Anerkennung außergerichtlicher Ehescheidungen – EuGH
Der EuGH hat am 15. November 2022 in der Rechtssache C-646/20 Senatsverwaltung für Inneres und Sport, Standesamtsaufsicht gegen TB entschieden, dass eine von einem Standesbeamten errichtete Scheidungsurkunde, die eine Vereinbarung der Ehegatten über die Ehescheidung enthält, eine Entscheidung im Sinne von Art. 2 Nr.4 der Brüssel-IIa-Verordnung darstellt. Ehescheidungen dieser Art müssten daher ohne weitere Verfahren anerkannt werden.
Im zugrunde liegenden Fall wurde eine in Deutschland geschlossene und in Italien per außergerichtlicher Ehescheidung rechtmäßig geschiedene Ehe in Deutschland mangels vorheriger Anerkennung nicht beurkundet.
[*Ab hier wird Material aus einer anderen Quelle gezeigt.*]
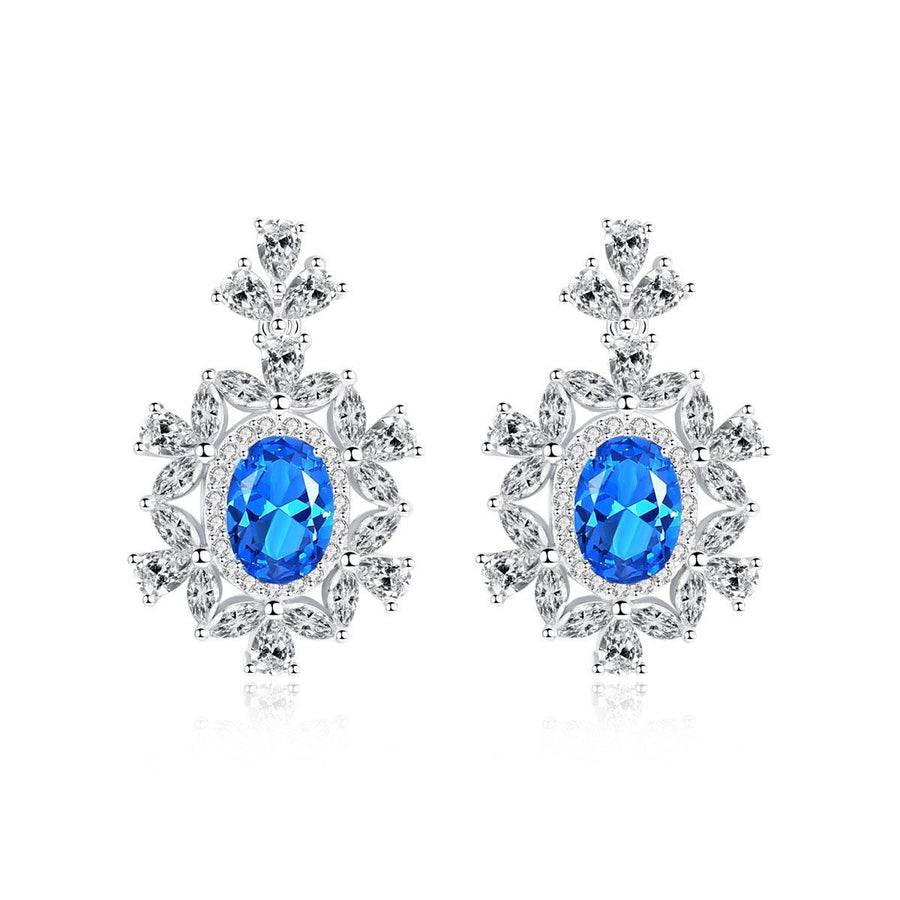 Modern Oval Flower 925 Sterling Silver Drop Earrings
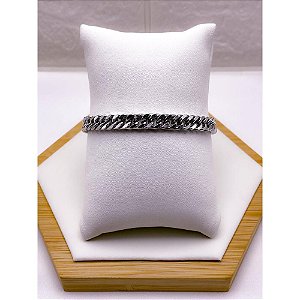 PULSEIRA AÇO INOX GRUMET DUPLA 1.6MM 22CM - PRATEADA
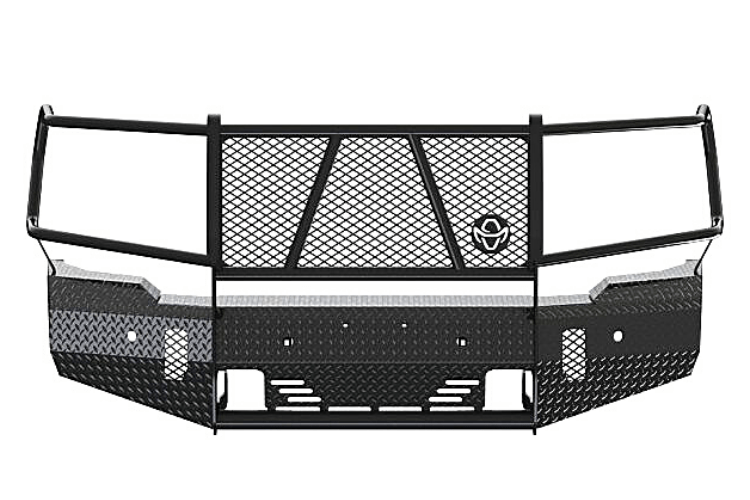 Ranch Hand FSG201BL1 Summit Front Bumper for 2020–2023 GMC Sierra 2500HD/3500HD, featuring heavy-duty diamond-plate steel construction, full grille guard, and compatibility with factory tow hooks and fog lights.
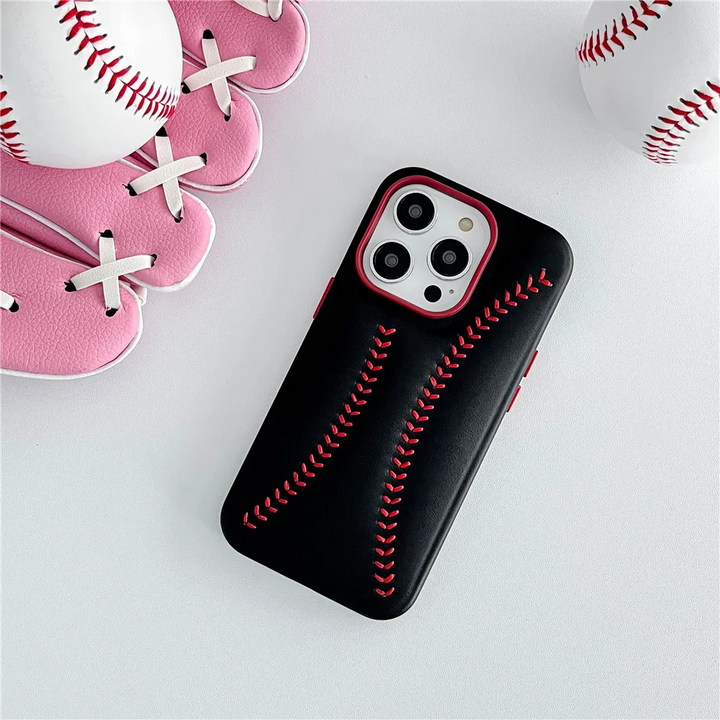 Baseball Design Kunstleder Hülle/Case für iPhone 14, 13, 12-Serie | ZITOCASES®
Der BGH war der Ansicht, dass ein Standesbeamter kein „Gericht“ im Sinne von Art. 2 Nr.4 der Verordnung sei und eine „Entscheidung“ von einer öffentlichen Behörde, nicht den Ehegatten, getroffen werden müsse und legte daher dem EUGH die Frage vor, ob dieser Fall unter die Brüssel-IIa-Verordnung zu subsumieren sei. Der EuGH argumentierte, dass die Begriffe einer unionsrechtlichen Bestimmung mit Blick auf die Ziele der Regelung ausgelegt werden müssen. Ziel der Brüssel-IIa-Verordnung sei es, einen Raum der Freiheit, der Sicherheit und des Rechts zu bilden, in welchem gerichtliche und außergerichtliche Entscheidungen gegenseitig anerkannt werden. Insofern sei unter „Gericht“ jede öffentliche Behörde zu verstehen, die für Rechtssachen gem. Art.1 der Brüssel-IIa-Verordnung zuständig ist. Eine „Entscheidung“ sei jede von einem Gericht erlassene Entscheidung, ohne Rücksicht auf die Bezeichnung der jeweiligen Entscheidung, wie Urteil oder Beschluss. Voraussetzung dafür sei jedoch, dass die Kontrolle über die Entscheidung bei der öffentlichen Behörde liege. Dies sei der Fall, wenn eine Prüfung der nationalen Vorschriften in der Sache durch die Behörde erfolgte. Somit liege hier eine "Entscheidung" im Sinne der Brüssel-IIa-Verordnung vor.